▶ What this task involves:
Set the records down again exactly, apart from any pictures in them.
──────── Data in this exercise ────────
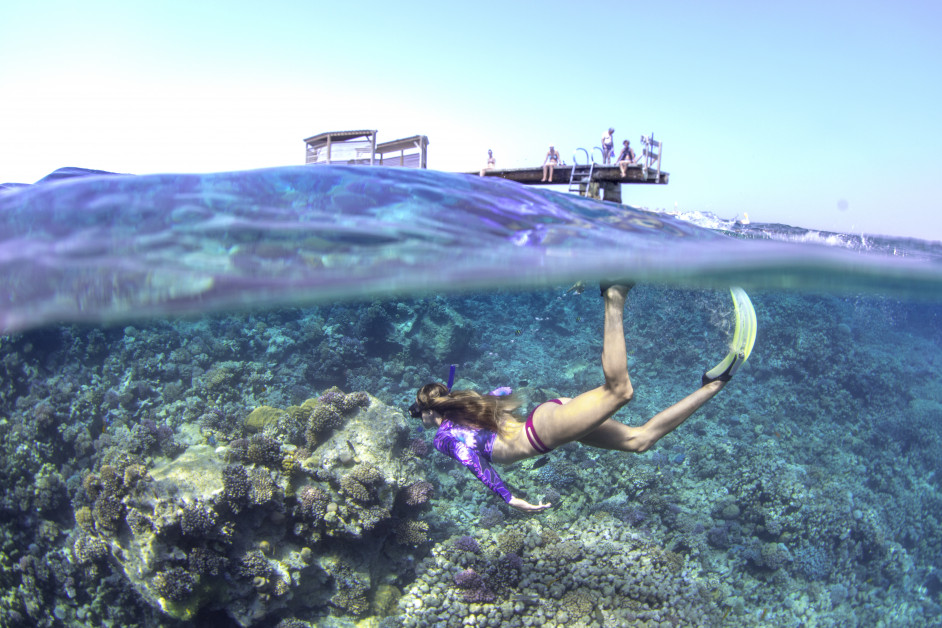 Snorkeling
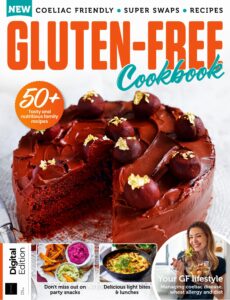 Gluten-Free Cookbook – 1st Edition 2024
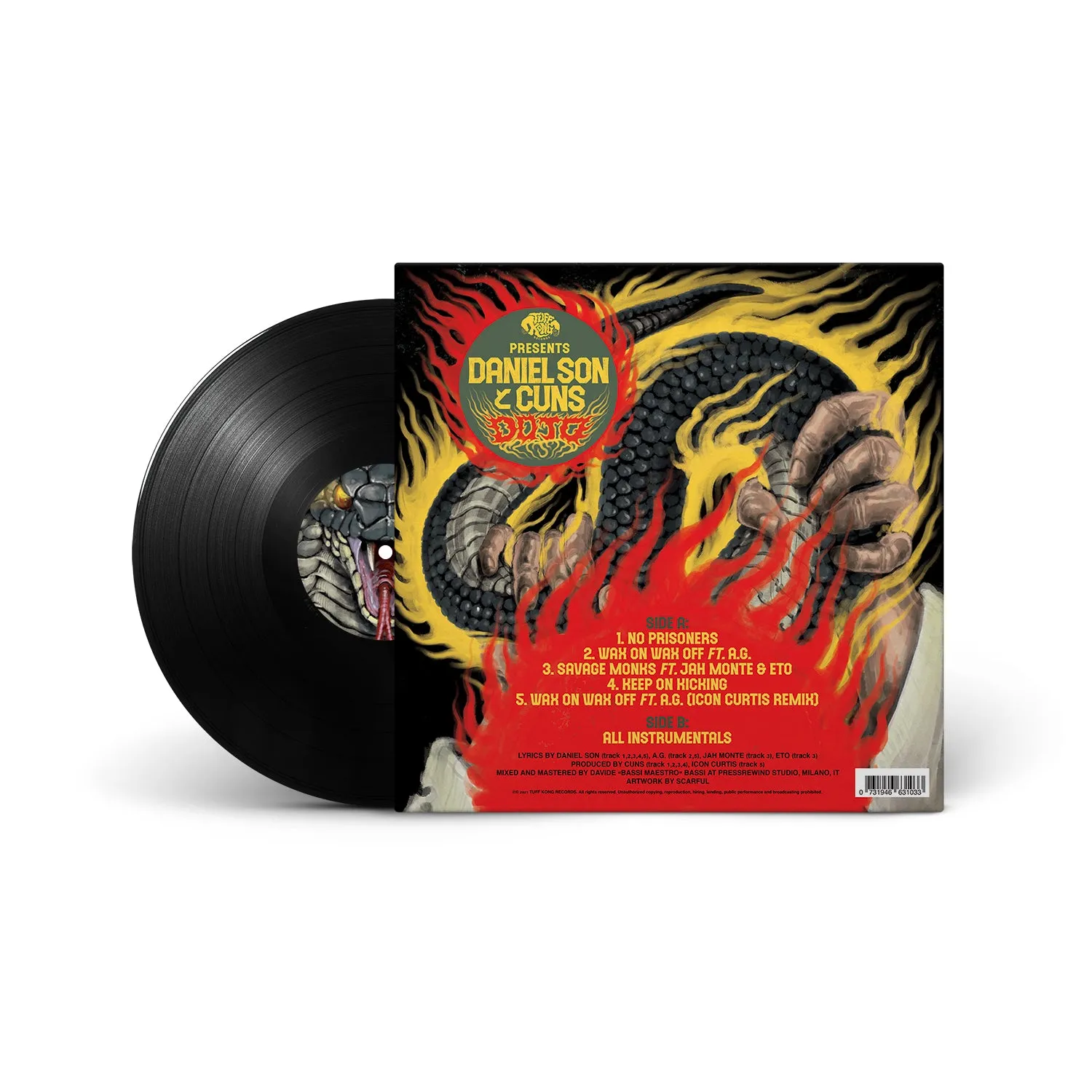 Dojo (LP)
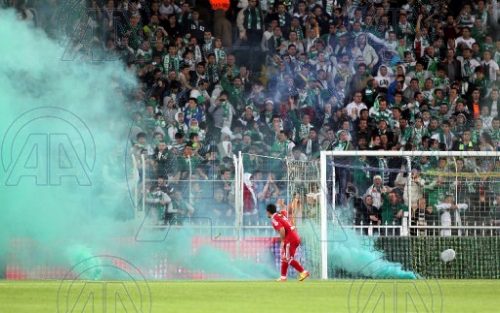 Sivasspor Bursaspor maçı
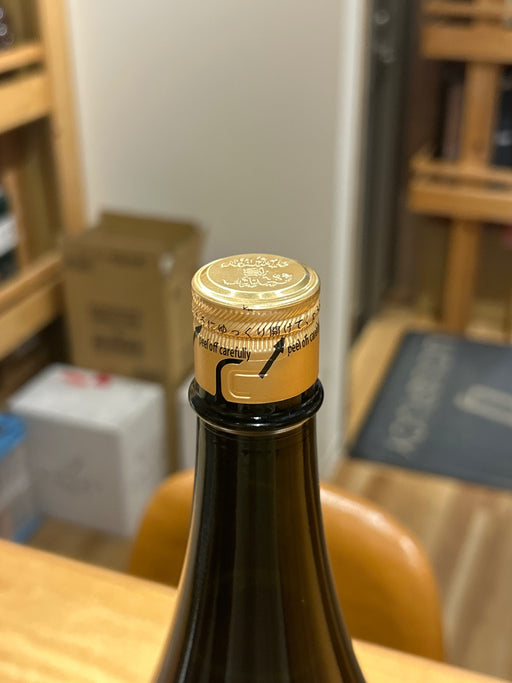 十四代 酒未来 上諸白 1800ml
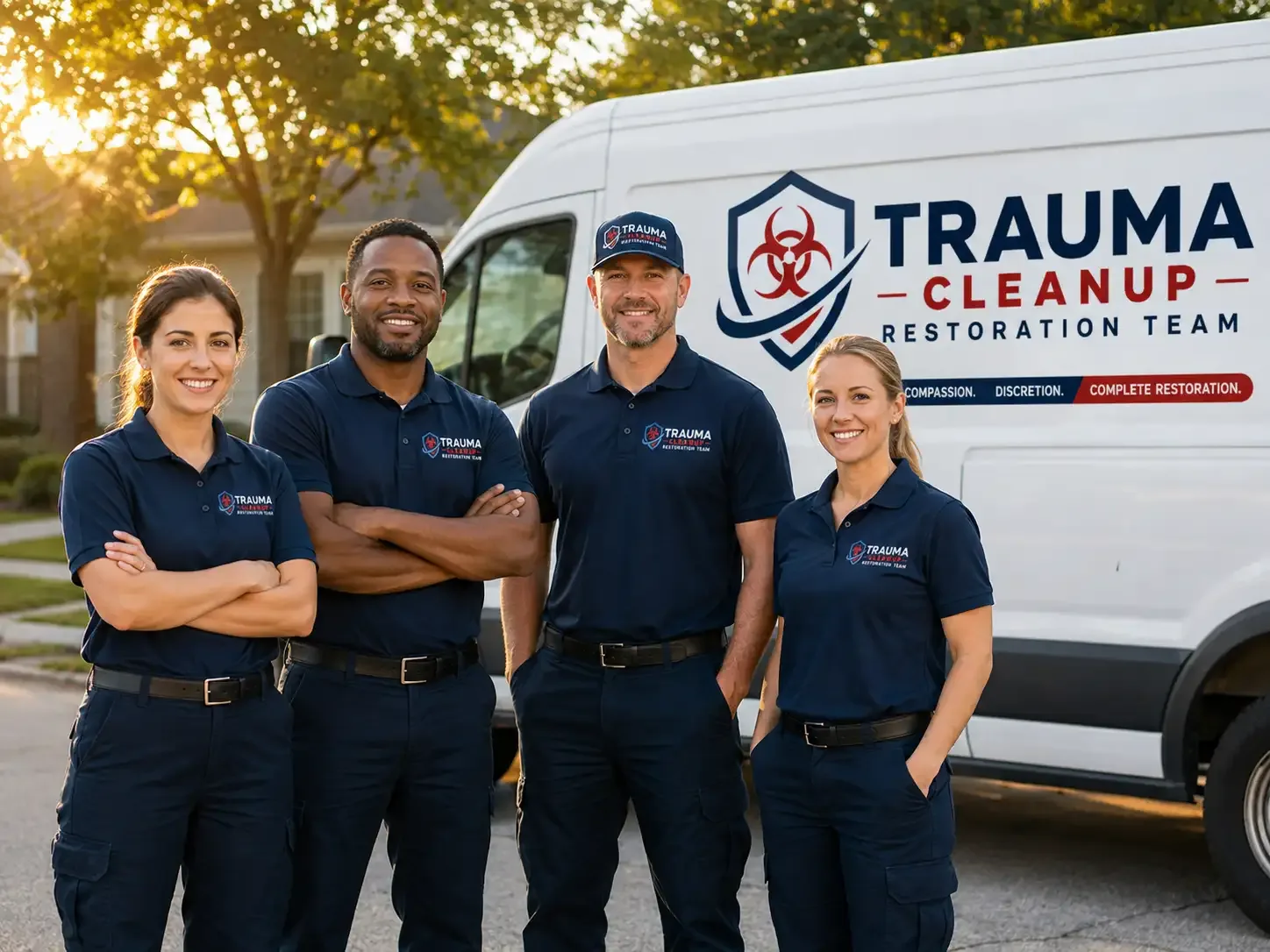 Trauma Cleanup company in Niagara University, NY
────────
▶ Result of the task:
 Snorkeling
 Gluten-Free Cookbook – 1st Edition 2024
 Dojo (LP)
 Sivasspor Bursaspor maçı
 十四代 酒未来 上諸白 1800ml
 Trauma Cleanup company in Niagara University, NY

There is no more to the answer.